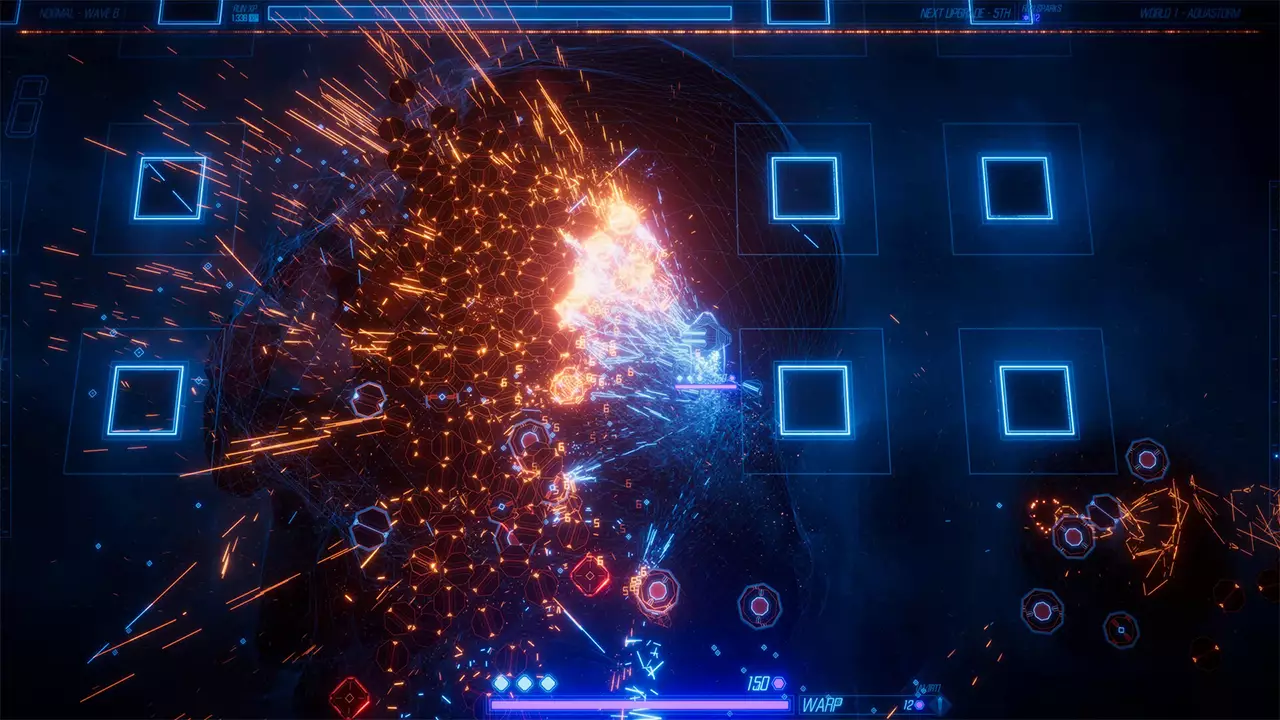 节奏风暴-Rhythm Storm-游戏截图-好玩游戏库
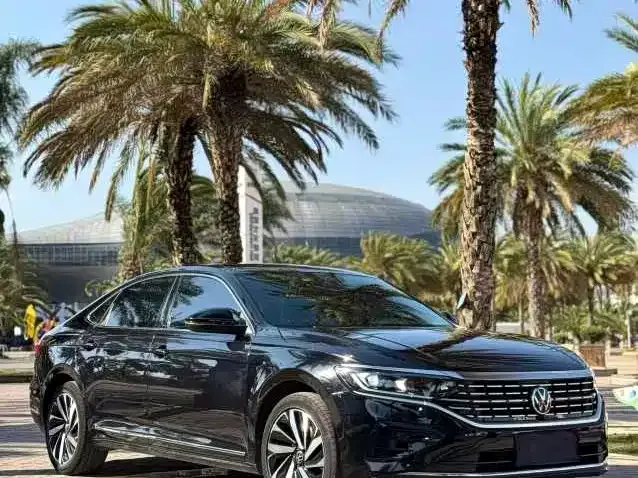 Volkswagen Passat — фото 6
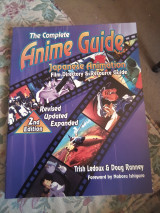 The Complete Anime Guide Japanese Animation 2nd Edition Revised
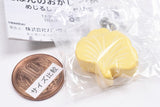 Japanese Sweets Mejirushi Accessory Autumn [6.Icho Nerikiri]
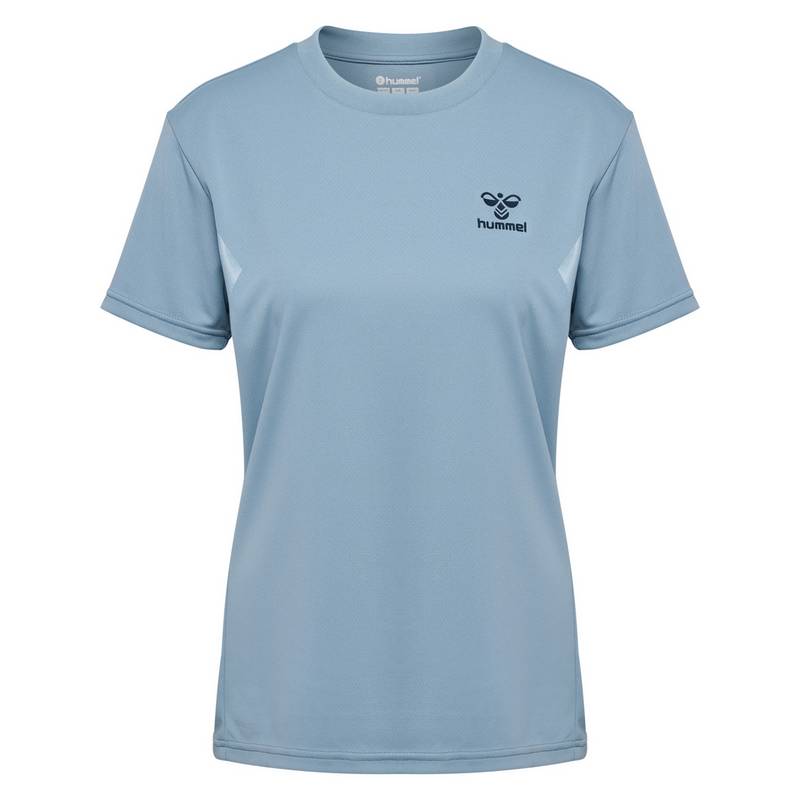 hummel hmlACTIVE PL JERSEY S/S WOMAN Trikot Damen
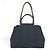Hermès HERMES Cabag Elan PM Borsa a Spalla/Borsa Tote Blu navy - vista 2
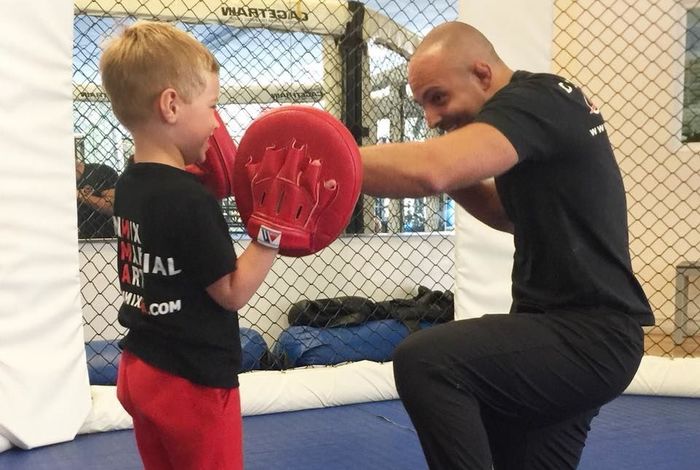 Dynamix MMA		 - Kids activities in Los Angeles, CA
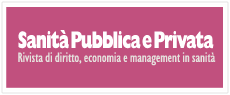 sanità pubblica e privata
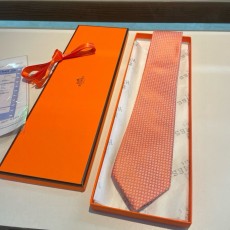 エルメスネクタイ HERMES 2024新作 ネクタイ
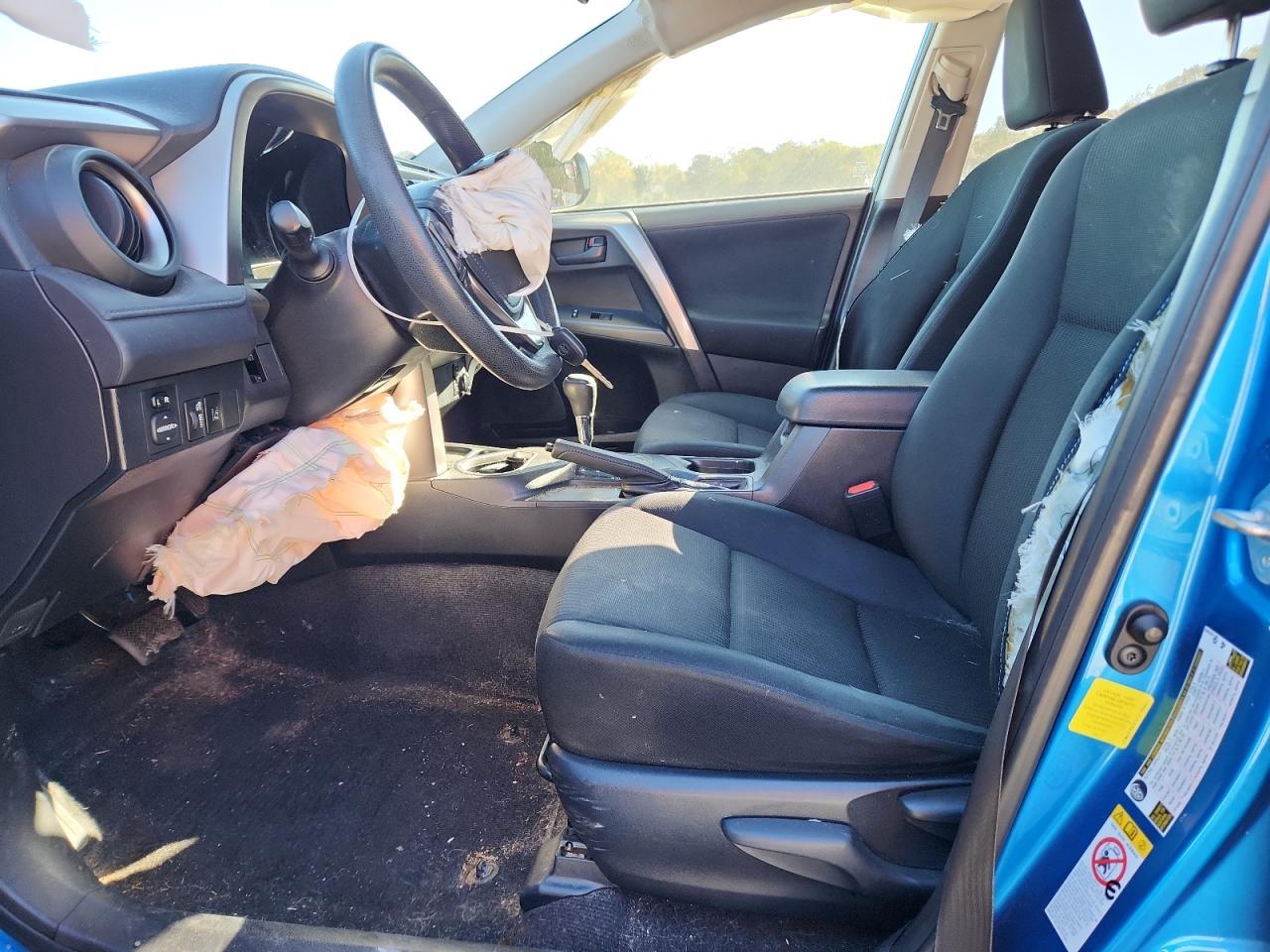 2017 TOYOTA RAV4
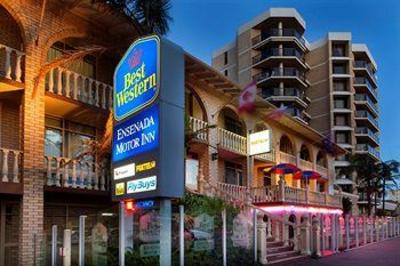 фото отеля BEST WESTERN Ensenada Motor Inn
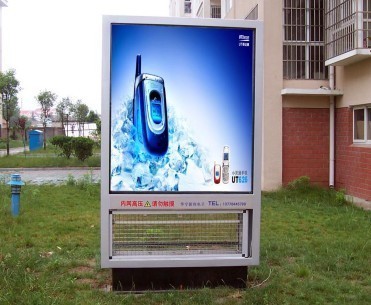 专业石首数字滚动灯箱生产厂家及周边数字广告制作服务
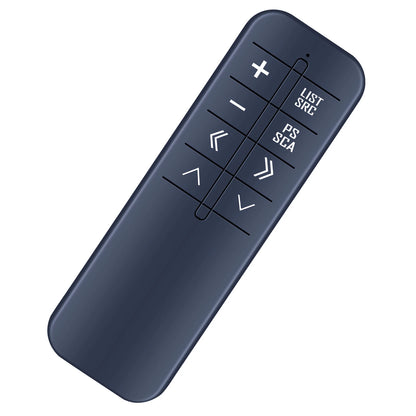 Replacement Remote Control For Blaupunkt RC 823 RC-823 Slimline Wireless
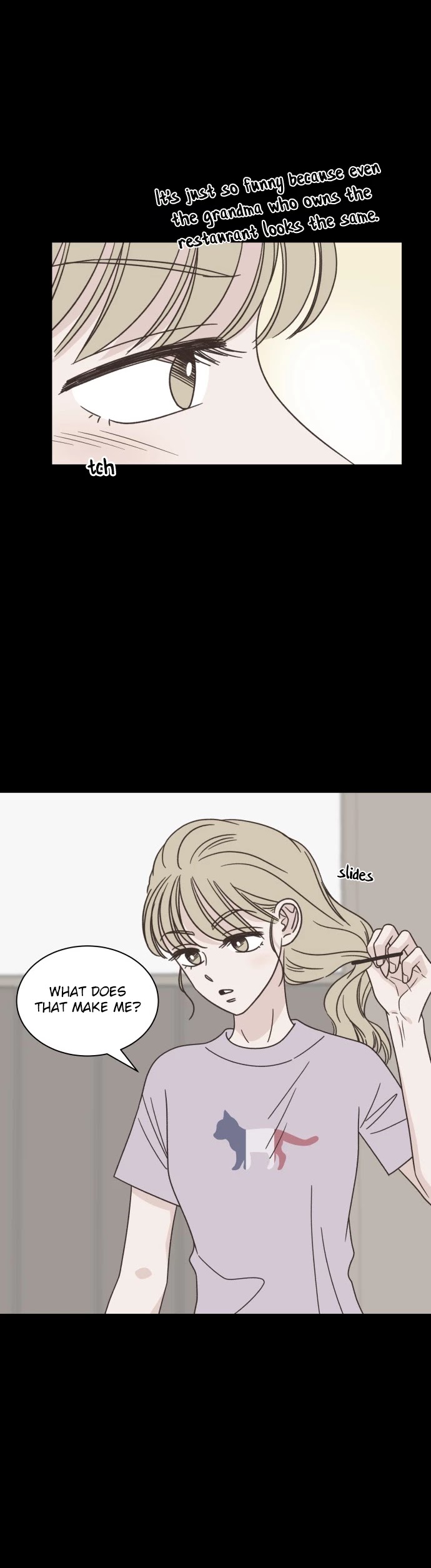 One-of-a-Kind Romance Chapter 125 page 11 - 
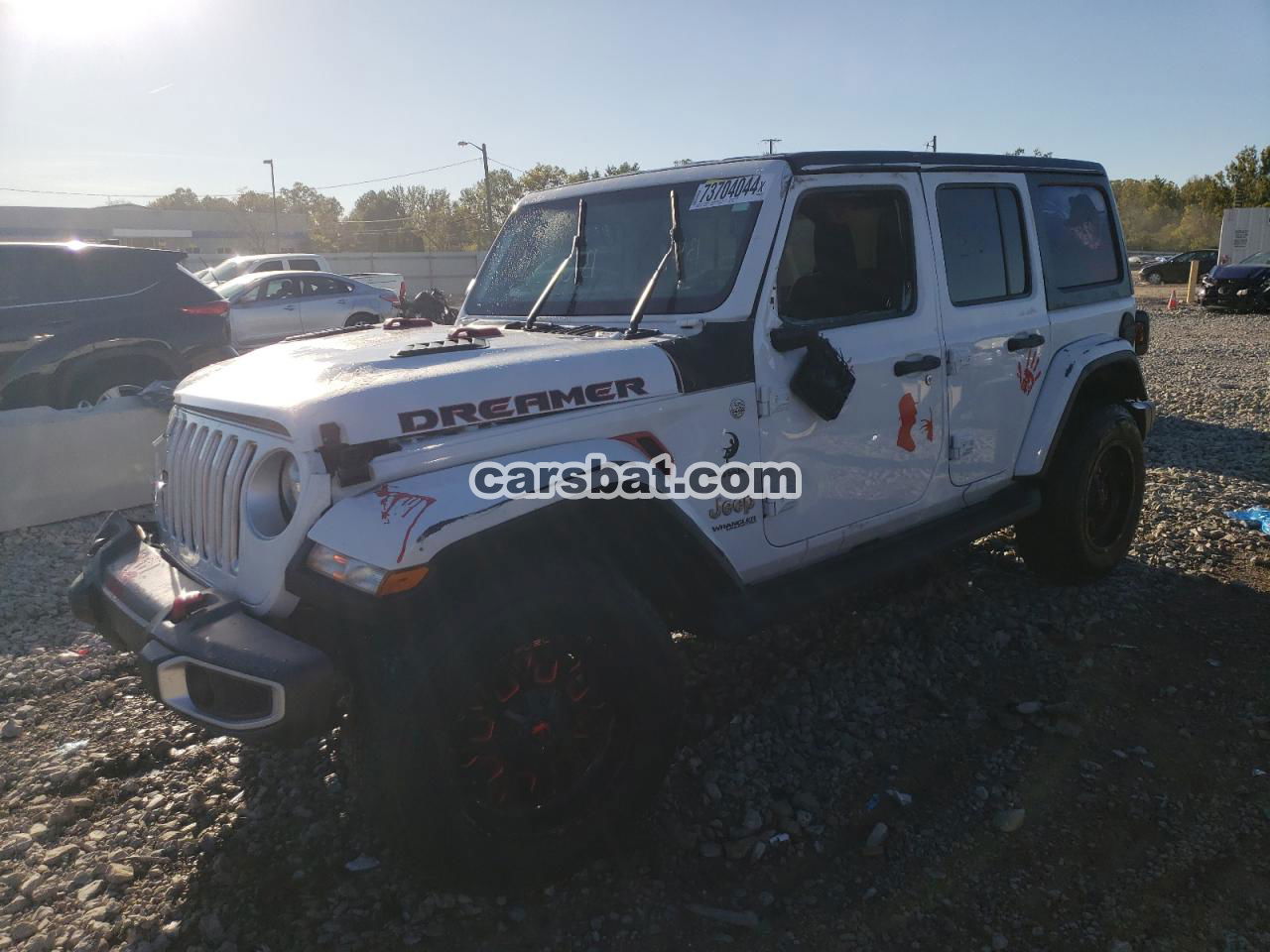 Jeep Wrangler SAHARA 3.6L  6 2022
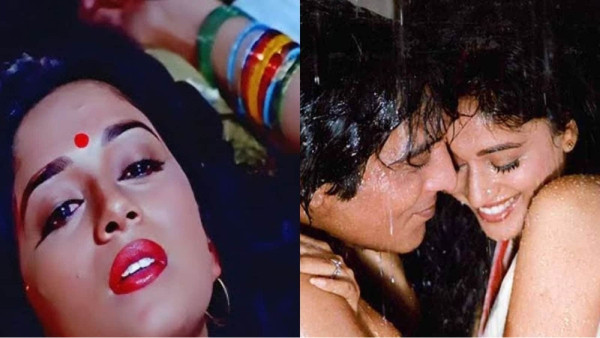 Vinod Khanna suhagraat shoot with 20 years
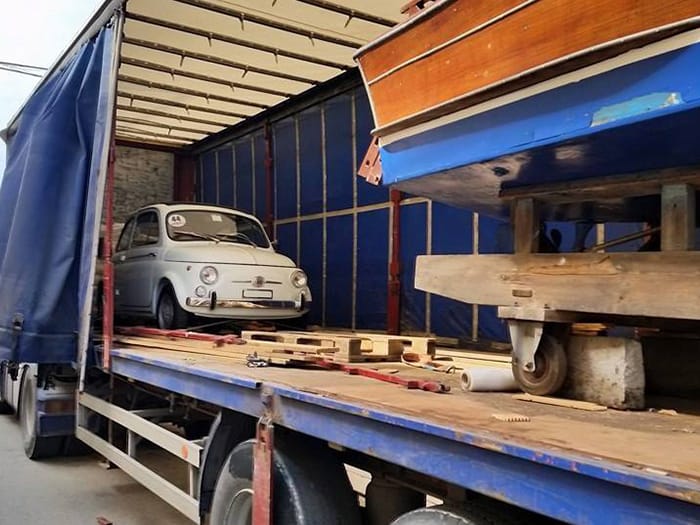Agritrans Logistics - malta to sicily freight forwarder in Siġġiewi, photo 2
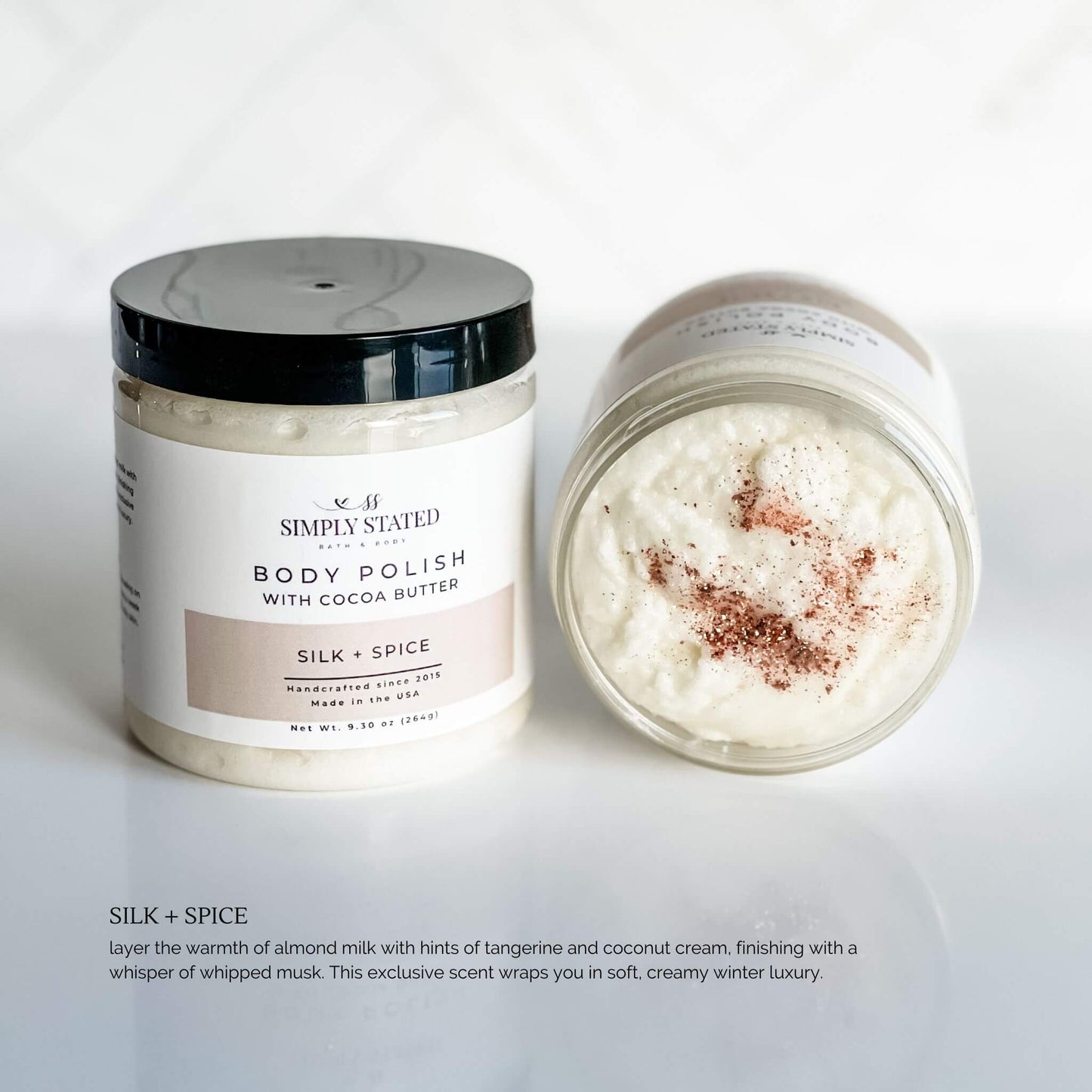 Seasonal Body Polish Collection – Limited Batch Scents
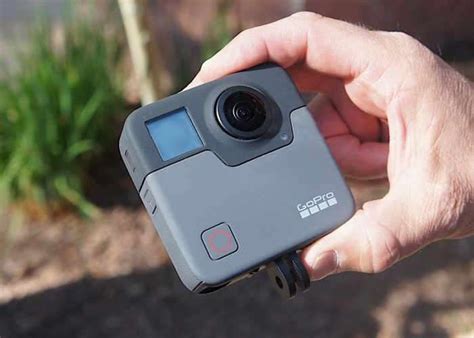 GoPro Fusion 360 Camera Now Supports A Selection Of Android Devices - Geeky Gadgets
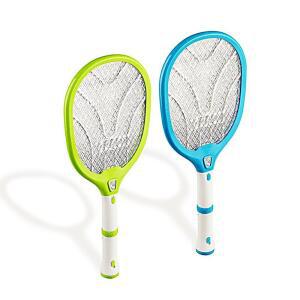 [2개구성] v 가성비 전기채 원버튼 파리 볼트 작동 벌레 감성 충전식 색상랜덤 북유럽 모기 제로 HW8FB5B8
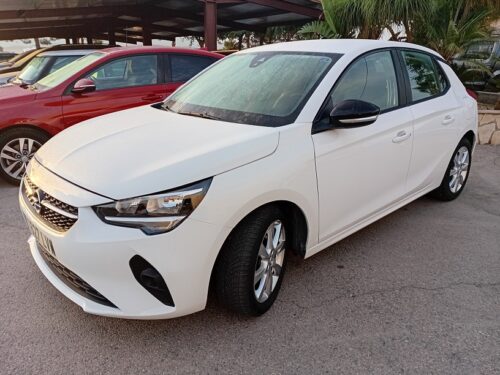 OPEL CORSA 1.0 T GASOLINA (1) OPEL CORSA 1.0 T GASOLINA (1)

************

YOUR GOAL: The reply should hold every entry above, given again exactly, but not a single picture.

EXPECTED OUTPUT:
 节奏风暴-Rhythm Storm-游戏截图-好玩游戏库
 Volkswagen Passat — фото 6
 The Complete Anime Guide Japanese Animation 2nd Edition Revised
 Japanese Sweets Mejirushi Accessory Autumn [6.Icho Nerikiri]
 hummel hmlACTIVE PL JERSEY S/S WOMAN Trikot Damen
Hermès HERMES Cabag Elan PM Borsa a Spalla/Borsa Tote Blu navy - vista 2
 Dynamix MMA		 - Kids activities in Los Angeles, CA
 sanità pubblica e privata
 エルメスネクタイ HERMES 2024新作 ネクタイ
 2017 TOYOTA RAV4
 фото отеля BEST WESTERN Ensenada Motor Inn
 专业石首数字滚动灯箱生产厂家及周边数字广告制作服务
 Replacement Remote Control For Blaupunkt RC 823 RC-823 Slimline Wireless
 One-of-a-Kind Romance Chapter 125 page 11 - 
 Jeep Wrangler SAHARA 3.6L  6 2022
 Vinod Khanna suhagraat shoot with 20 years
Agritrans Logistics - malta to sicily freight forwarder in Siġġiewi, photo 2
 Seasonal Body Polish Collection – Limited Batch Scents
 GoPro Fusion 360 Camera Now Supports A Selection Of Android Devices - Geeky Gadgets
 [2개구성] v 가성비 전기채 원버튼 파리 볼트 작동 벌레 감성 충전식 색상랜덤 북유럽 모기 제로 HW8FB5B8
 OPEL CORSA 1.0 T GASOLINA (1) OPEL CORSA 1.0 T GASOLINA (1)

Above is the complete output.